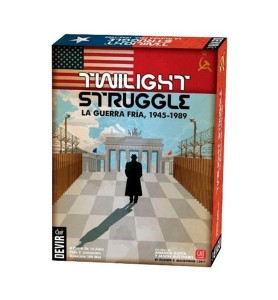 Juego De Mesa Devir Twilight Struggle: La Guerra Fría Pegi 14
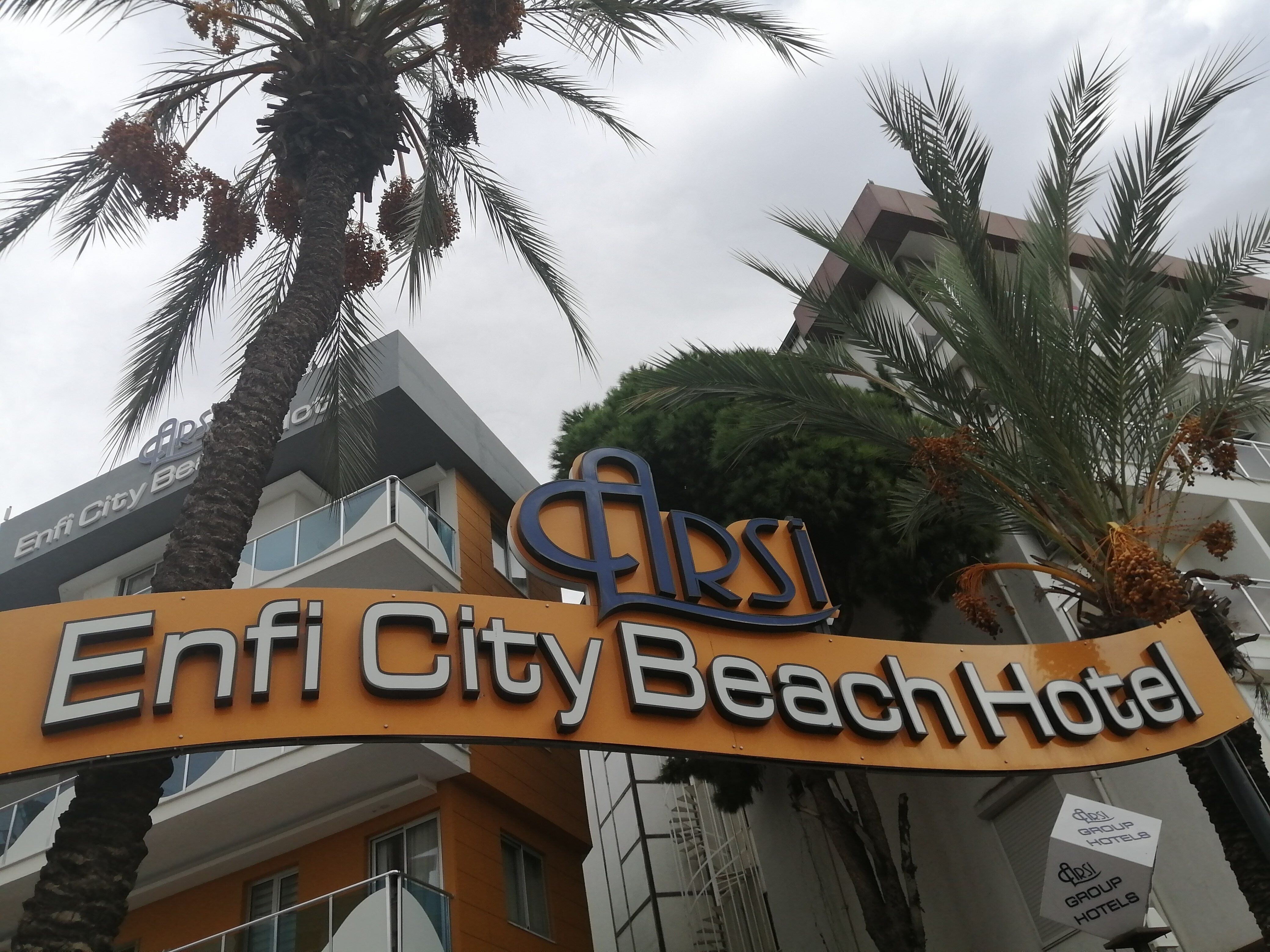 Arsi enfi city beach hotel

——

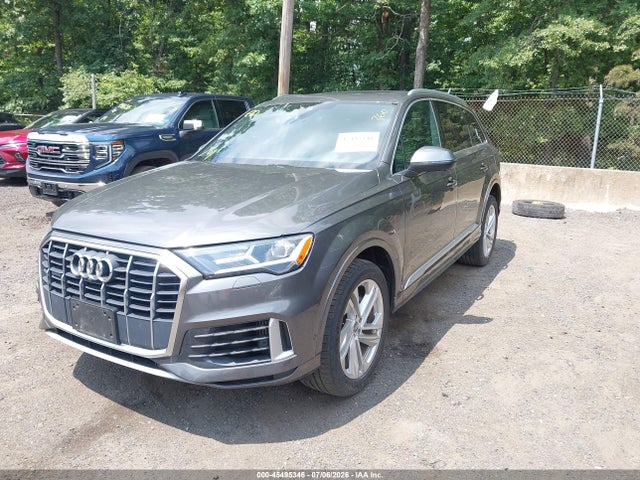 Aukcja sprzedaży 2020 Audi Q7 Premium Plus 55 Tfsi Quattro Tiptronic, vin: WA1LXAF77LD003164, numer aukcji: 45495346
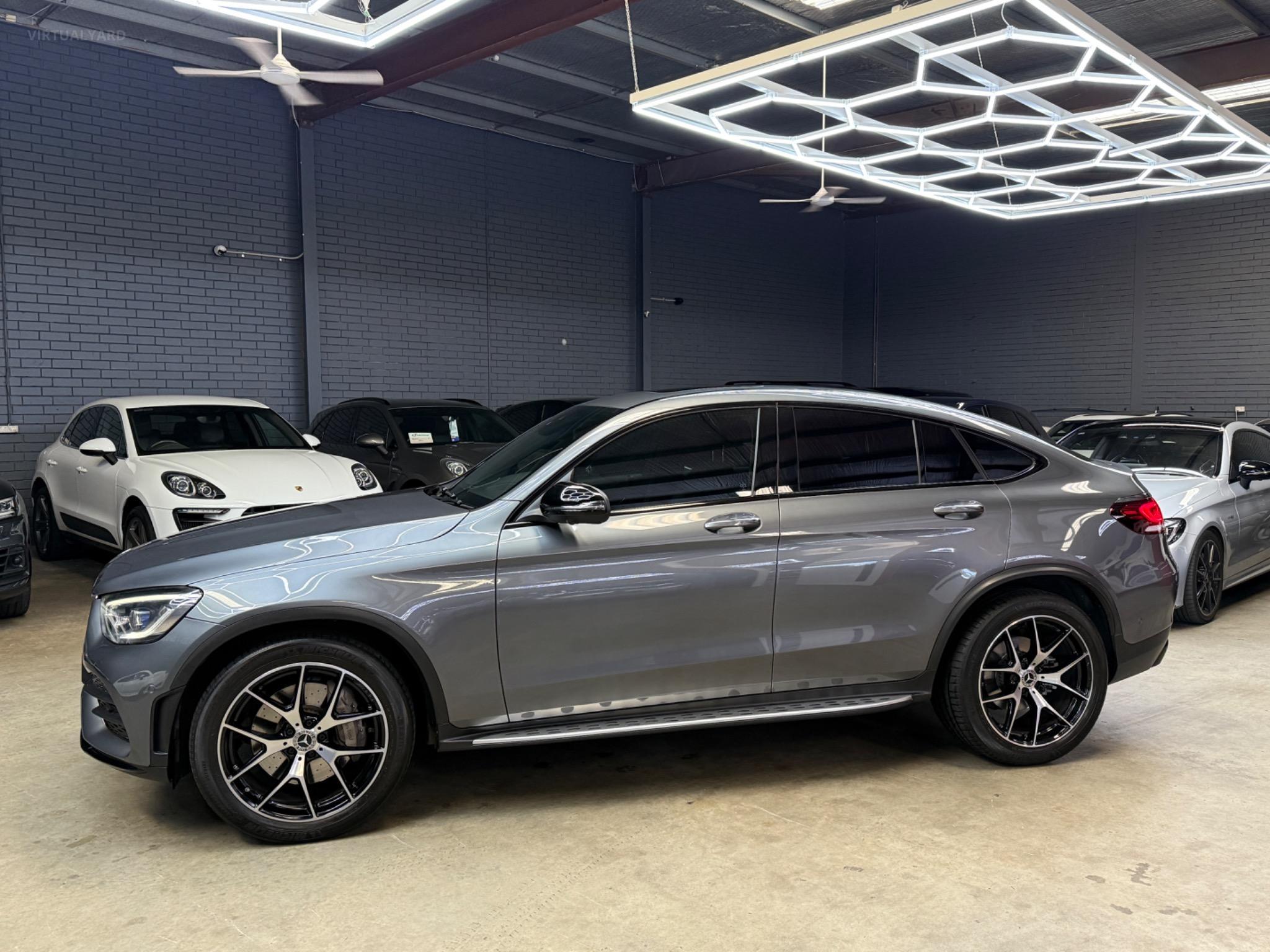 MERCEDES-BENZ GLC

——

Problem to solve:
Exact repeat of the material above: every line from the one with "Aukcja sprzedaży 2020" through the one with "MERCEDES-BENZ GLC", endpoints included, and nothing more. No pictures.

Exercise solution:
 Aukcja sprzedaży 2020 Audi Q7 Premium Plus 55 Tfsi Quattro Tiptronic, vin: WA1LXAF77LD003164, numer aukcji: 45495346
 MERCEDES-BENZ GLC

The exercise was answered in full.